**TASK:** Write back every line of the listing exactly, excluding images.

**PROVIDED MATERIAL:**
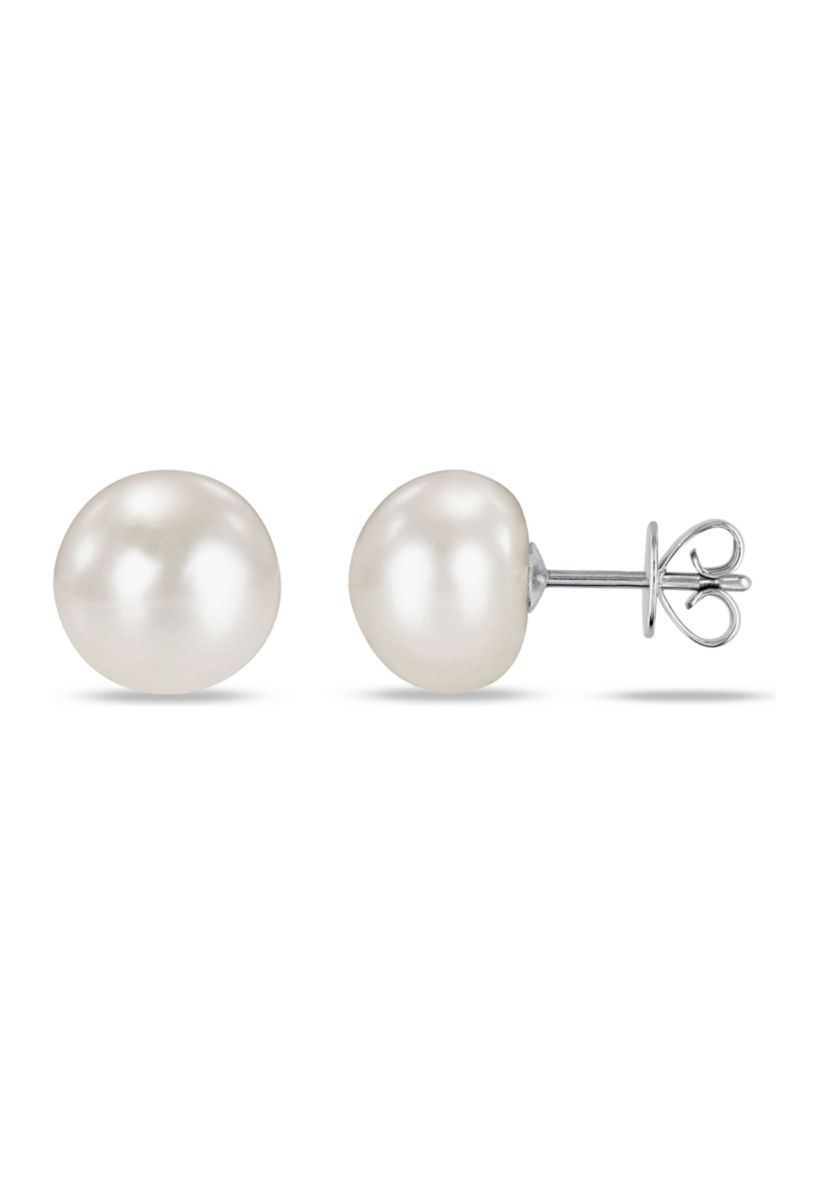 9-10mm Cultured Freshwater Pearl Stud Earrings in 14k White Gold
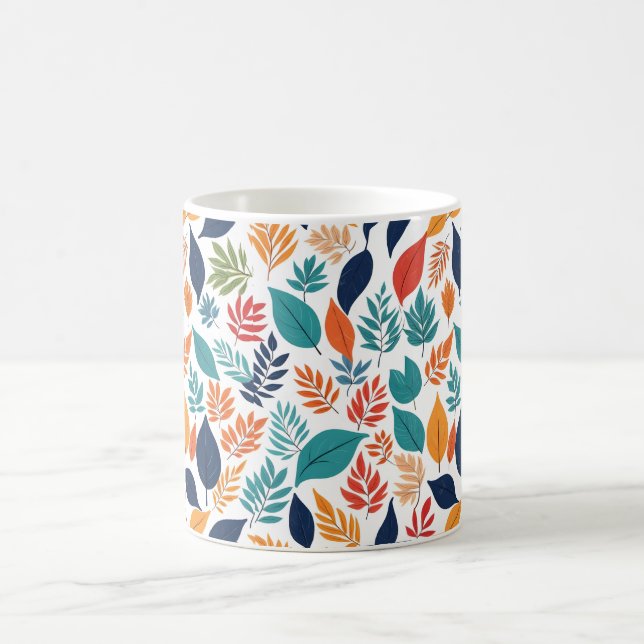 Caneca De Café Padrão botânico com folhas tropicais em branco (Centro)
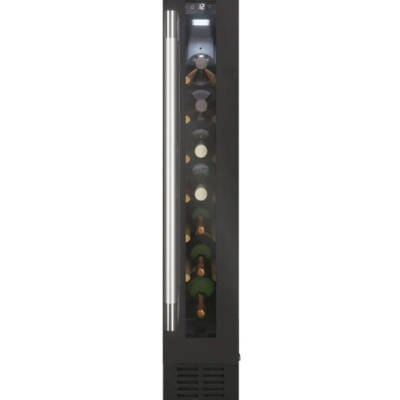 A refrigerated wine cooler in black, holding bottles of wine across vertical shelves.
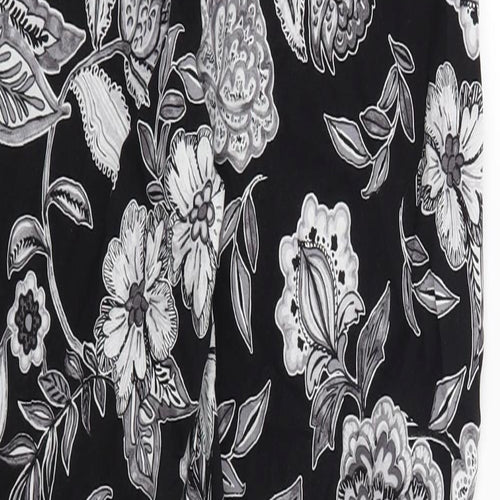 Papaya Womens Black Floral  Harem Trousers Size 8 L26 in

**FINISHED TASK:**
 9-10mm Cultured Freshwater Pearl Stud Earrings in 14k White Gold
 Caneca De Café Padrão botânico com folhas tropicais em branco (Centro)
 A refrigerated wine cooler in black, holding bottles of wine across vertical shelves.
 Papaya Womens Black Floral  Harem Trousers Size 8 L26 in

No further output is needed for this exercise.